Begin at the line where "Computer Navigation for" appears and reproduce exactly every line through the end of the data below, both included, skipping pictures.

● DATA TO EXAMINE:

***

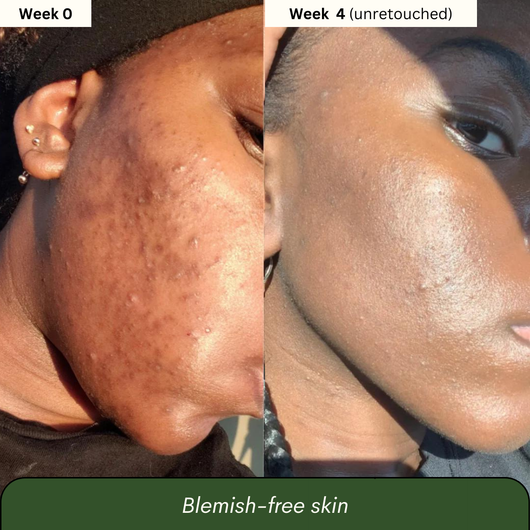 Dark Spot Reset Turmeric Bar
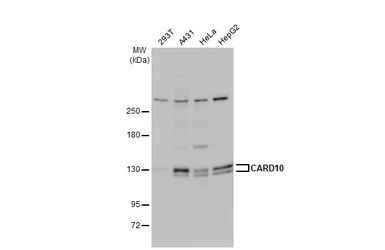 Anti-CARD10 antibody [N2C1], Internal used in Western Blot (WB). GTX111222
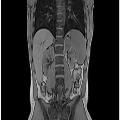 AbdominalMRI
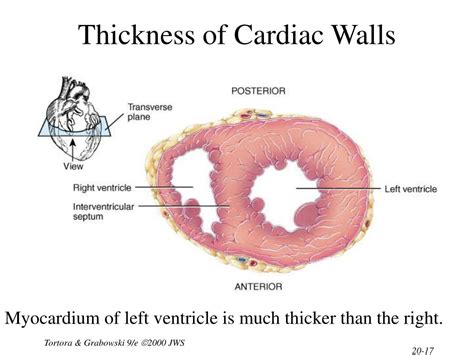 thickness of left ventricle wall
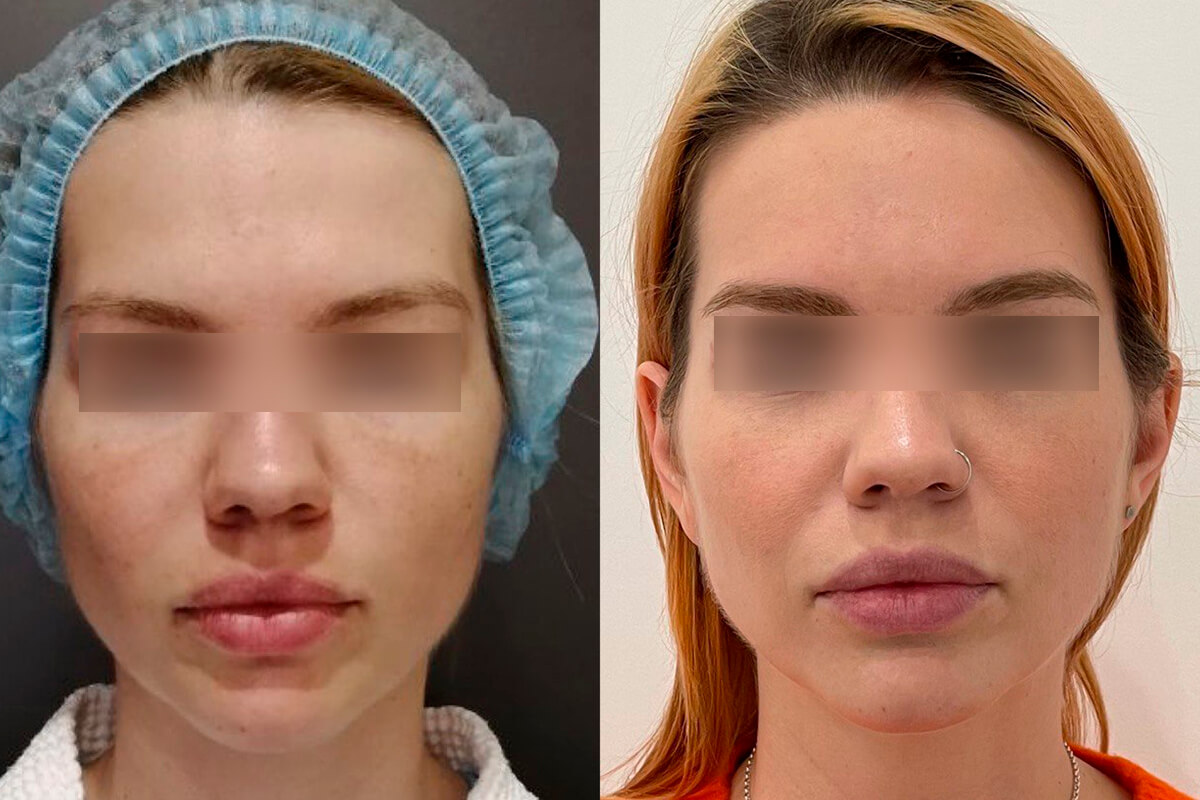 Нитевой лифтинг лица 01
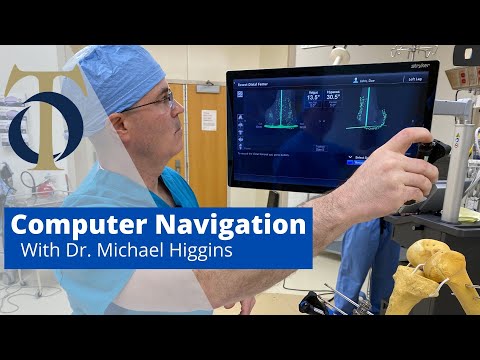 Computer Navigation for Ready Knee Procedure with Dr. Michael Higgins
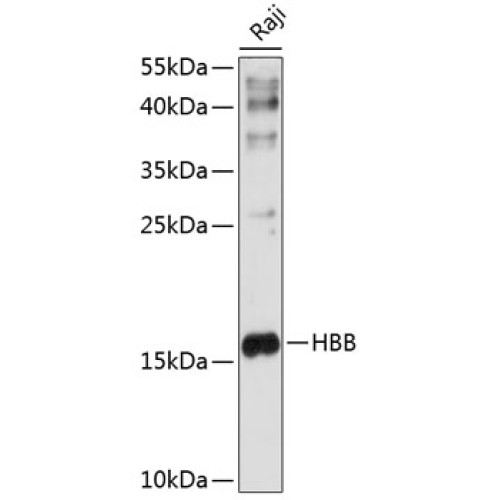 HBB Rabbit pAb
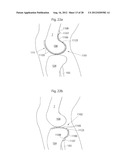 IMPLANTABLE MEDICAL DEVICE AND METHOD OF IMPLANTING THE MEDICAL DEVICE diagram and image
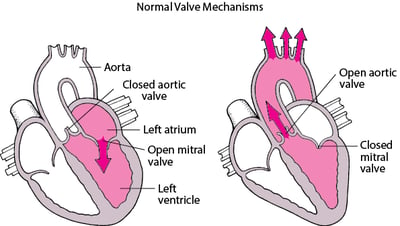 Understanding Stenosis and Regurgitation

***

● ANSWER BOX:
 Computer Navigation for Ready Knee Procedure with Dr. Michael Higgins
 HBB Rabbit pAb
 IMPLANTABLE MEDICAL DEVICE AND METHOD OF IMPLANTING THE MEDICAL DEVICE diagram and image
 Understanding Stenosis and Regurgitation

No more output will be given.